Could you repeat the entries below exactly, but only from the line with "I bought this" through the line with "The binder ring", and without any picture?

The data START

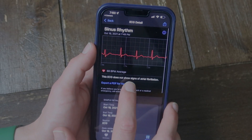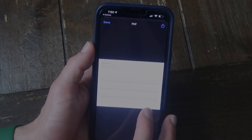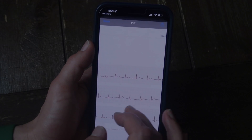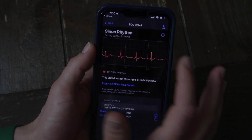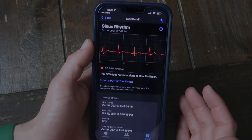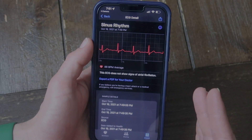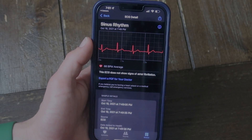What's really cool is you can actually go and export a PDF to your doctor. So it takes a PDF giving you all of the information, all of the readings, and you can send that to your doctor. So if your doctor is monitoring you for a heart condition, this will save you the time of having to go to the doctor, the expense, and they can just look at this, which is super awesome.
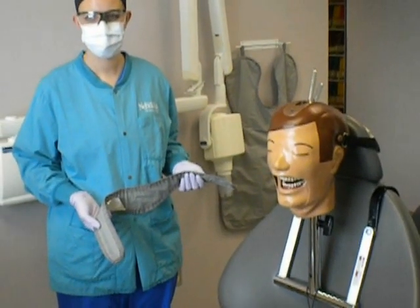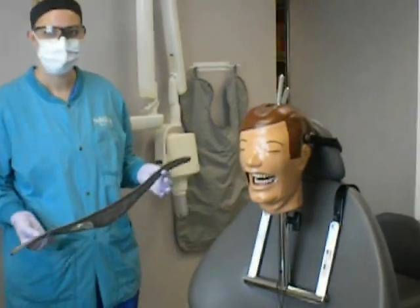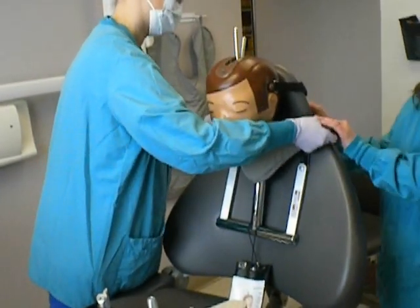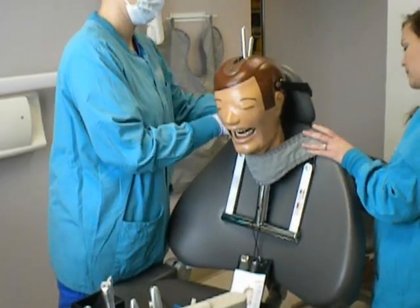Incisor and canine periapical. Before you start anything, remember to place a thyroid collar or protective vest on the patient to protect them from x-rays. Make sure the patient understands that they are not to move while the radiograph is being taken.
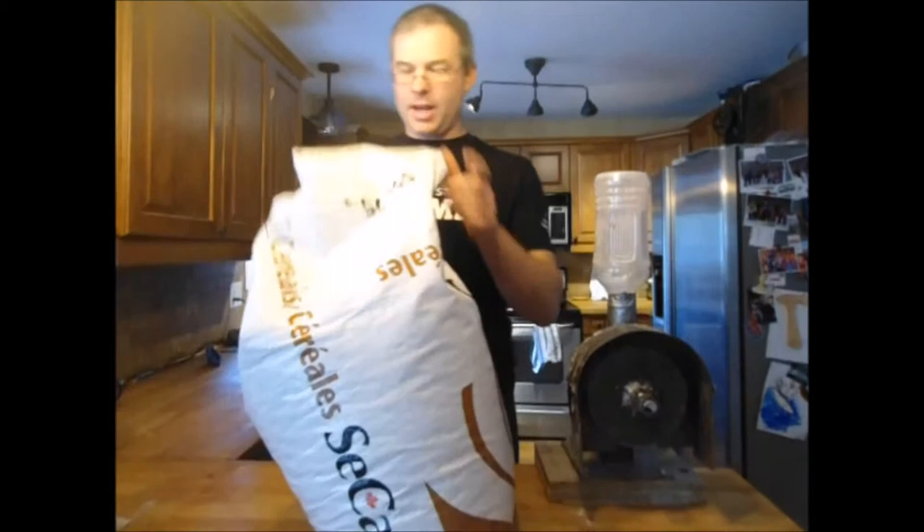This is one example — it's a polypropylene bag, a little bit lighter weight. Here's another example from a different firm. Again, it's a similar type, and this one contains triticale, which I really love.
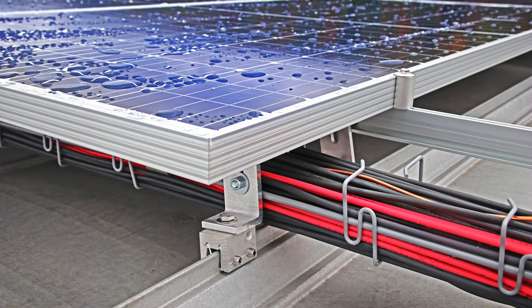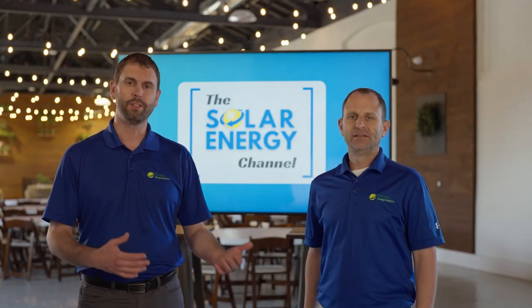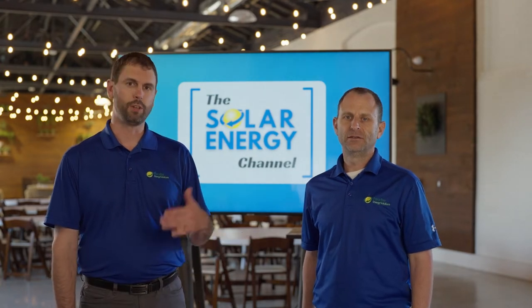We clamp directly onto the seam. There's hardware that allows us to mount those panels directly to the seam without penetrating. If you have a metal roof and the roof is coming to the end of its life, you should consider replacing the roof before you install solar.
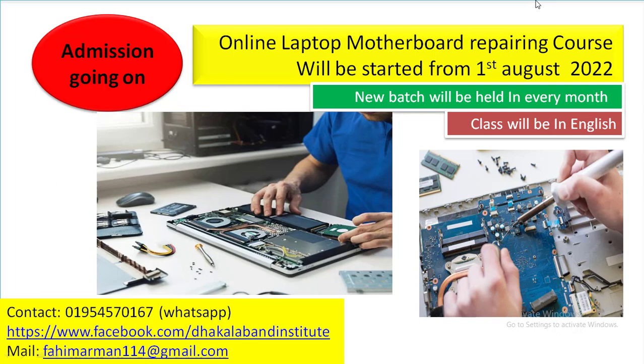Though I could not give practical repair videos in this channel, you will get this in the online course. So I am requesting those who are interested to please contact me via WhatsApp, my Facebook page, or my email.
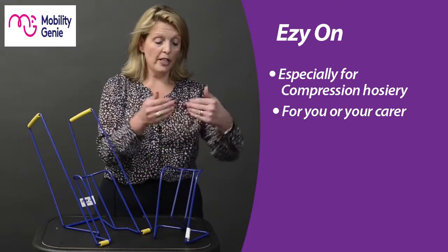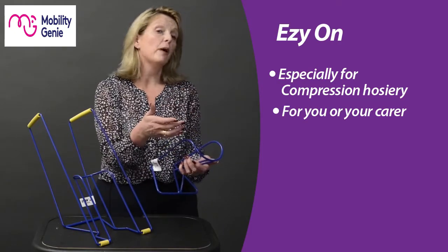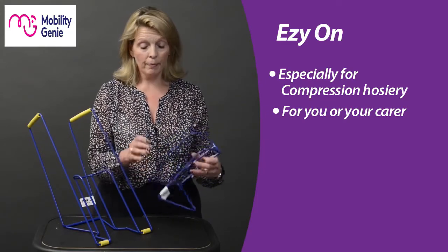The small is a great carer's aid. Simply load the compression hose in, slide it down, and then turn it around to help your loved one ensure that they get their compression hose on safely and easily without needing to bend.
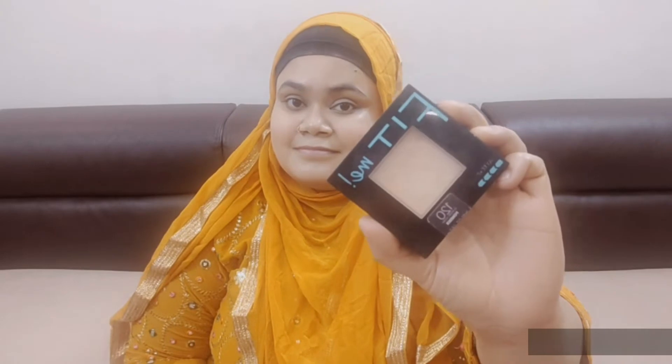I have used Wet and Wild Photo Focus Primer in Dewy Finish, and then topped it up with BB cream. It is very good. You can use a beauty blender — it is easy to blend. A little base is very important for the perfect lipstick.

The data END
The data START

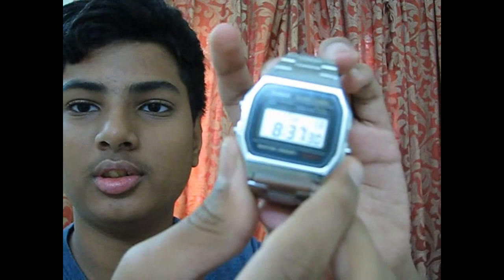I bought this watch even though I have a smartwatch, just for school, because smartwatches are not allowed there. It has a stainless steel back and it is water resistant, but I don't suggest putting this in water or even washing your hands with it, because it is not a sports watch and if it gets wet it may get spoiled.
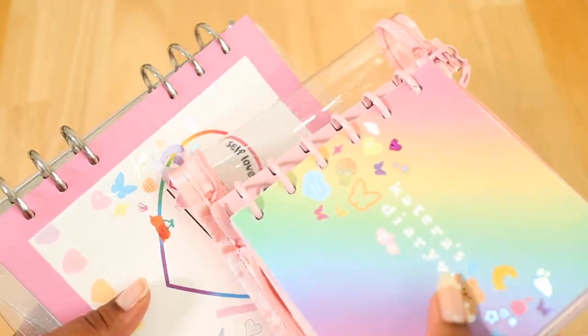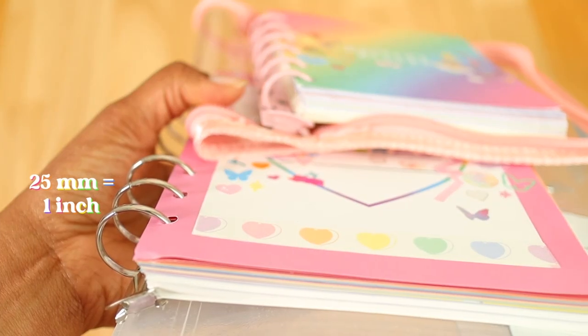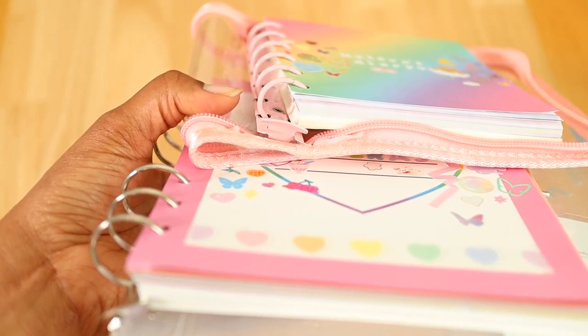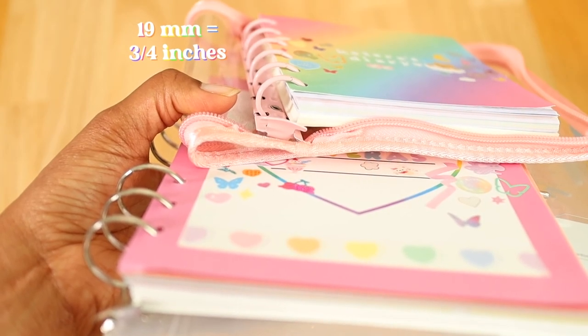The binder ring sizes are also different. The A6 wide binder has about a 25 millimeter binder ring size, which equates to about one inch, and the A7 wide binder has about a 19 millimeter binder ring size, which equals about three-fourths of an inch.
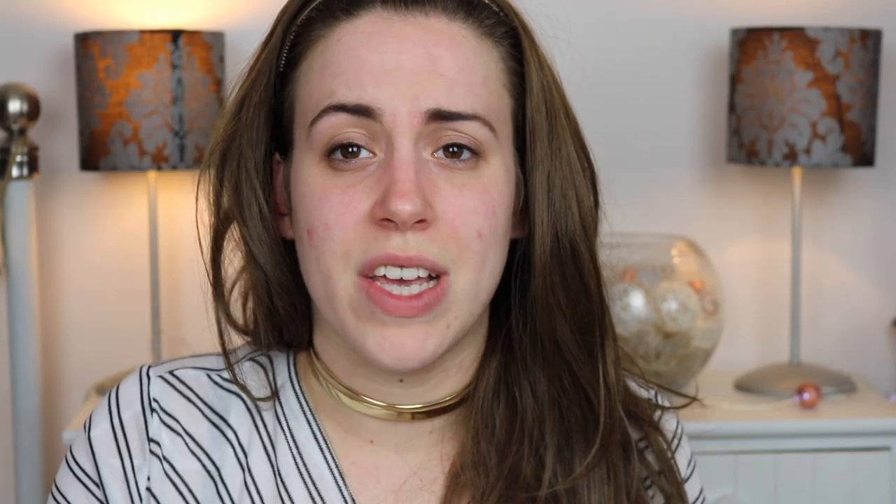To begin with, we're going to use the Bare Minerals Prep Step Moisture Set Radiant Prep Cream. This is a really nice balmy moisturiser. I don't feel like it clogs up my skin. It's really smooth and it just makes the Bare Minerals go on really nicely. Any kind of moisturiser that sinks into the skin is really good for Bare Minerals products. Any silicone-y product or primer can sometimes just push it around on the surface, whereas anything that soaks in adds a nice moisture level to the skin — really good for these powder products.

The data END

Solution to this problem:
I bought this watch even though I have a smartwatch, just for school, because smartwatches are not allowed there. It has a stainless steel back and it is water resistant, but I don't suggest putting this in water or even washing your hands with it, because it is not a sports watch and if it gets wet it may get spoiled.
The binder ring sizes are also different. The A6 wide binder has about a 25 millimeter binder ring size, which equates to about one inch, and the A7 wide binder has about a 19 millimeter binder ring size, which equals about three-fourths of an inch.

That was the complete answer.